RYNEK MIĘDZYNARODOWY Wczorajsza sesja przyniosła nowe historyczne rekordy na parze EUR/USD. Po wystąpieniu Bena Bernanke przed komisją amerykańskiego Kongresu dolar osłabił się w relacji do euro do poziomu 1,4735. Ben Bernanke ostrzegł przed spowolnieniem wzrostu gospodarczego oraz nasileniem się presji inflacyjnej. Powodem osłabienia wzrostu ma być załamanie w budownictwie mieszkaniowym.

Publikacja: 09.11.2007 08:21

Natomiast na wzrost inflacji wpływ mają drożejące surowce, z ropą naftową na czele. Gdyby powyższe założenia miały się zrealizować to gospodarkę Stanów Zjednoczonych czekać będzie stagflacja. W podobnym tonie co szef Fed wypowiadał się wczoraj prezes Europejskiego Banku Centralnego Jean-Cloude Trichet. Powiedział on, że ECB jest zaniepokojony sygnałami o możliwym wzroście inflacji. Dodatkowo nawiązując do zawirowań na rynkach finansowych powiedział, że mogą one przełożyć się na perspektywy wzrostu gospodarczego. Poznamy dzisiaj dane o cenach w eksporcie i imporcie USA. Gdyby ceny w imporcie (bez ropy) znacznie wzrosły to ten raport mógłby umocnić dolara, bo wzrosłoby zagrożenie przyspieszenia inflacji. Dla rynku walutowego duże znaczenie będzie miał odczyt bilansu handlu zagranicznego. Ekonomiści prognozują, że wyniesie on -58,5 mld USD. Odczyt lepszy od prognoz powinien pomóc dolarowi. Dowiemy się też jak nastroje na początku miesiąca ocenia Uniwersytet Michigan, będą to dane wstępne, więc zapewne będą jeszcze korygowane. Ekonomiści oczekują kosmetycznego spadku indeksu do poziomi 80 pkt. z 80,9 pkt. miesiąc wcześniej. Im wyższy odczyt tym lepiej dla dolara i akcji, nie oczekiwałbym jednak gwałtownych reakcji na tą publikację, chyba że będzie się diametralnie różnił od prognoz.

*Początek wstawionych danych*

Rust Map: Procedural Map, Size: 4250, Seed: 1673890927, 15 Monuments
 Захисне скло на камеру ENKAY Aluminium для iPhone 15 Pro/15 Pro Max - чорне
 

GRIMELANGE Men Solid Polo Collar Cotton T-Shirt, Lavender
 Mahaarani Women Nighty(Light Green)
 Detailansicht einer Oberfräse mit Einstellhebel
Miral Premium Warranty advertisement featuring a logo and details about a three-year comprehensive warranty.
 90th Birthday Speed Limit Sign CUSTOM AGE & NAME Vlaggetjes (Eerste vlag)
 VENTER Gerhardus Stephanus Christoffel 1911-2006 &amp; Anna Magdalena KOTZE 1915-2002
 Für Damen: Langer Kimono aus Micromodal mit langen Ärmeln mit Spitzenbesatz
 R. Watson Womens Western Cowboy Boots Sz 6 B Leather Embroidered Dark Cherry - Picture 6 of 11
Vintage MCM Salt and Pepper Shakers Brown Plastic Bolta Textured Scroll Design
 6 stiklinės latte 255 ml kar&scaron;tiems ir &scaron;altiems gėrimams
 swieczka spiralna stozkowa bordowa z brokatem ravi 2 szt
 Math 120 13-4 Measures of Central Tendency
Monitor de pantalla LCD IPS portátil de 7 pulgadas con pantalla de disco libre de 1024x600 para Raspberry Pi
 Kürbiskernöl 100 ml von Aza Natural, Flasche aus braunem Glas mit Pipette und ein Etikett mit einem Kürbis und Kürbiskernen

O godzinie 08.21 zgodnie z notowaniami na rynku międzybankowym za jedno euro trzeba było zapłacić 1,4718 dolara.

Sytuacja techniczna eurodolara: ostatnie godziny to kolejny historyczny szczyt, tym razem ustanowiony został on na poziomie 1,4737. Widoczne wzrosty są zatem po raz kolejny dowodem utrzymującej się silnej awersji do dolara, u którego podstaw leżą przede wszystkim emocje i bardzo rozchwiany rynek. Analizując wykres eurodolara pod kątem analizy technicznej widać w dalszym ciągu brak sygnałów sugerujących rozwinięcie silniejszej korekty. Jako sygnalną takich zmian wskazać można (na dzisiaj) spadek kursu poniżej 1,4655. Notowania od 22 października poruszają się w przyśpieszonym trendzie wzrostowym, więc zanegowanie takiej tendencji musi być wyraźne. Najbliższy opór zarysowany jest podobnie jak ostatnie tego rodzaju miejsca charakterystyczne przez nowy szczyt: 1,4737. Układ wskaźników intraday podpowiada, że podobnie jak wczoraj niedźwiedzie mogą mieć problemy z wyraźnym obniżeniem ceny.

RYNEK KRAJOWY

Kurs złotego umocnił się wczoraj zarówno do euro, jak i do dolara. Powody były dwa: słabnący dolar (reakcja na wypowiedź szefa Fed), oraz "jastrzębia" wypowiedź członka Rady Polityki Pieniężnej, Mariana Nogi. Stwierdził on, że w pierwszej połowie 2008 roku w Polsce niezbędne będą dwie podwyżki stóp procentowych, a w drugiej części tego samego roku minimum jedna. Stwierdził ponadto, iż silny złoty będzie ograniczał wzrost cen, jednak będzie to działanie niewystarczające. Wczoraj na warszawskim parkiecie kolejny dzień z rzędu główne indeksy traciły na wartości. W czwartek WIG 20 spadł o 1,35% w porównaniu z zamknięciem w środę i wyniósł 3.642,50 pkt, zaś WIG stracił 1,13% i wyniósł 59.276,14 pkt. Obroty na rynku akcji sięgnęły 1,6 mld zł. Ministerstwo Skarbu Państwa podało wczoraj, że wycena Giełdy Papierów Wartościowych w Warszawie wzrosła trzykrotnie w ciągu ostatnich dwóch lat, do nie mniej niż 1,8 mld zł, co według Ministerstwa Skarbu potwierdza trafność decyzji MSP o nie dokonywaniu prywatyzacji giełdy na przełomie 2005/2006 roku. MSP podało, że nie zamierza obecnie podejmować decyzji w sprawie zmian właścicielskich giełdy. Aktualnie Skarb Państwa ma 98,80% udziału w kapitale zakładowym GPW, a pozostałe 1,20% akcji należy do banków, domów maklerskich oraz emitentów papierów wartościowych.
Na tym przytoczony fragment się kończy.